SELECT DISTINCT ON (department_id)
department_id, employee_id, salary
FROM employees
ORDER BY department_id, salary DESC;
-- ROW_NUMBER(): more portable, required for top-N
SELECT department_id, employee_id, salary
FROM (
SELECT *,
ROW_NUMBER() OVER (PARTITION BY department_id ORDER BY salary DESC) as rn
FROM employees
) sub
WHERE rn = 1;
Use DISTINCT ON when:
- You need exactly one row per group
- Performance matters
- You’re committed to PostgreSQL
Use window functions when:
- You need top-N per group (N > 1)
- You need multiple ranking methods (RANK, DENSE_RANK)
- You need database portability
Lateral Joins
For complex filtering per group:
-- Get latest order with amount > 100 per customer
SELECT c.customer_id, c.name, o.order_id, o.order_date, o.total_amount
FROM customers c
CROSS JOIN LATERAL (
SELECT order_id, order_date, total_amount
FROM orders
WHERE customer_id = c.customer_id
AND total_amount > 100
ORDER BY order_date DESC
LIMIT 1
) o;
This is more flexible than DISTINCT ON for complex per-group logic.
Common Pitfalls and Best Practices
Incomplete ORDER BY Causes Non-Deterministic Results
This is wrong:
-- BAD: If multiple orders have the same date, which one is returned?
SELECT DISTINCT ON (customer_id)
customer_id, order_id, order_date, total_amount
FROM orders
ORDER BY customer_id, order_date DESC;
If two orders share the same customer and date, PostgreSQL picks arbitrarily.

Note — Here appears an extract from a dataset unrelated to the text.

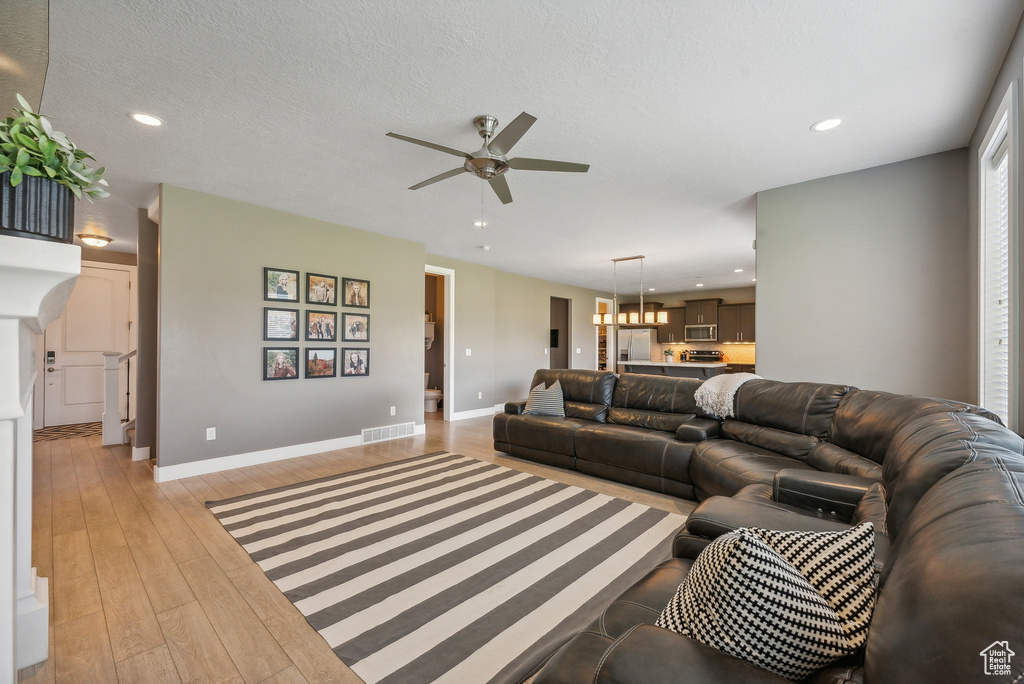 Living room featuring ceiling fan with notable chandelier, a textured ceiling, and light hardwood / wood-style flooring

Fix it:
-- GOOD: Tiebreaker ensures deterministic results
SELECT DISTINCT ON (customer_id)
customer_id, order_id, order_date, total_amount
FROM orders
ORDER BY customer_id, order_date DESC, order_id DESC;
Always include a unique column (like primary key) at the end of ORDER BY.
Forgetting the ORDER BY Requirement
This fails:
-- ERROR: SELECT DISTINCT ON expressions must match initial ORDER BY expressions
SELECT DISTINCT ON (customer_id)
customer_id, order_id, order_date
FROM orders
ORDER BY order_date DESC;
The ORDER BY must start with customer_id.
Portability Concerns
DISTINCT ON is PostgreSQL-only. MySQL, SQL Server, and Oracle don’t support it. If you might migrate databases, use window functions instead. But if you’re in the PostgreSQL ecosystem, use the tool designed for the job.
The bottom line: DISTINCT ON is a powerful, efficient tool for “first per group” queries. Master the ordering requirements, index appropriately, and you’ll write cleaner, faster queries than the alternatives.